Proposed "Area Parking Permit Program" Pilot

Page Updated: June 13, 2018

The Boise Neighborhood Association Land Use & Transportation Committee (LUTC) welcomes all neighbors and business owners to the next meeting on Monday June 25, 7-9pm at the Q Center to discuss this proposal.

Boise APPP zone.PNG

What is the proposed pilot program?

The Portland Bureau of Transportation (PBOT) is starting the process for an Area Parking Permit Program (APPP) pilot. The goal of this program is to manage parking due to residential and/or commercial growth. The Boise neighborhood requested to be considered to participate. PBOT collected data and determined that our neighborhood meets the parking occupancy qualifications to be considered for this pilot program.

How do we provide input that we want this pilot to happen/not happen?

To become a pilot APPP area, PBOT will conduct a vote of all addresses within the proposed permit program boundaries (see right). 

A ballot will be mailed to all addresses in the zone on Friday June 15. All ballots must be returned by July 13. The results of the vote will be mailed on August 1.

A minimum of 50 percent of ballots must be returned, of which 60 percent must be in favor to move forward with parking permit program.

What does a yes vote mean?

If your neighborhood votes in favor of the proposed APPP, new parking rules will go into effect. Drivers who do not have an Area Parking Permit can park for 2 hours between 10 A.M. to 10 P.M, Monday through Sunday. Vehicles without permits cannot move from space to space, as they are only allowed to park once per day, up to the maximum visitor limit. Residents and businesses in the neighborhood will be able to apply for area parking permits, including daily scratch-off permits for guests. Parkers with these permits can park longer than two hours.
Permits are currently $75 each. 100% of permit fees are dedicated to the administration and enforcement of the parking rules. The fee amount is reviewed annually.
What does a no vote mean? 

If your neighborhood votes against the proposed APPP, no parking permit program will be created and the two-hour visitor limit will not be applied. The neighborhood will have to wait at least one year before it could re-apply to be considered for an area permit program.

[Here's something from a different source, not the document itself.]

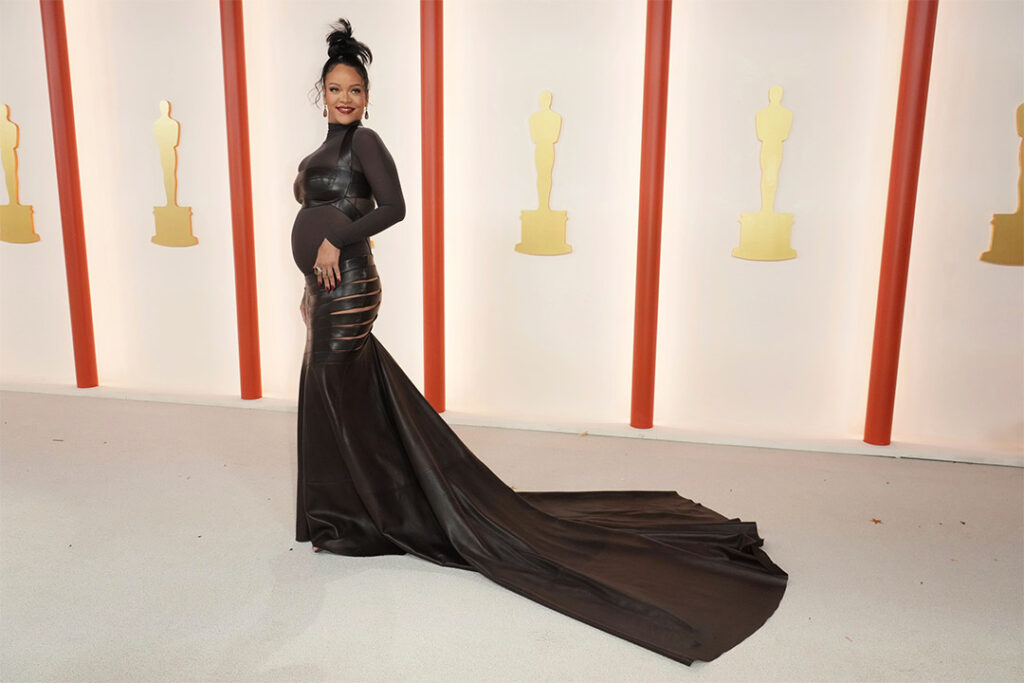 Rihanna สวมเดรส Alaïa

For further information you may visit www.portlandoregon.gov/transportation/parkingpilots.

Or contact PBOT Program Manager: Antonina Pattiz, Parking Operations, 503-823-5347, Antonina.Pattiz@portlandoregon.gov


An informational Open House was held on June 12 at the Q Center, with 3 opportunities for the public to hear about the program and ask questions. New information was presented at the Open House that the BNA had not previously been informed of, specifically that the pilot would include one year of pre-set parking enforcement standards and program rules that the Citizen Advisory Committee would not be able to change until the second year. These pre-sets would not be able to change prior to the vote happening. The only input the BNA was asked to provide was the proposed boundary. Below is the information provided at the Open House, and some extra information gleaned in the Q&A.

Power Point Presentation

Timeline

Stakeholder Advisory Committee

Ballot Letter Mailed to Addresses in Proposed Pilot Zone

Notes from Open House:

  • Businesses would get permits for 80% of FTE. Either the business or the employee can pay for it.
  • Guest daily permits cost $1.50 per day.
  • The other proposed pilot is Hawthorne Street, in Sunnyside-Richmond Neighborhood. If we vote no, they inherit our timetable, and the next neighborhood on the list will get this same offer.
  • Residents and business owners questioned why parking enforcement hours were set to 10 pm, and for only 2 hours. The PBOT Parking Enforcement manager said that longer than 2 hours is harder to enforce. 10 pm was deemed appropriate for Mississippi's late night scene.
  • Each address in the zone will get a ballot. That means a landlord who owns a rental house but doesn't live in it may not receive the letter. It also means every apartment unit in the zone will receive a letter.
  • PBOT is allowing the entire neighborhood to be eligible to be on the Citizen Advisory Committee (CAC), if this passes, based on Boise Neighborhood Association's bylaws for forming a committee. But, only those in the proposed zone can vote to form this APPP.
  • Other blocks next to the APPP could petition to annex into it, by the same process that is used for things like applying for a block party or improving your alley. This would be possible the day after the APPP vote is passed.
  • The purpose of the first year of pre-set program rules is so that the consultant, Lancaster Engineering, can collect data. The data will be used by the CAC to make recommendations for second-year changes.
  • Success after one year isn't expected, but success overall looks like one open parking spot per block. That's about 85% capacity.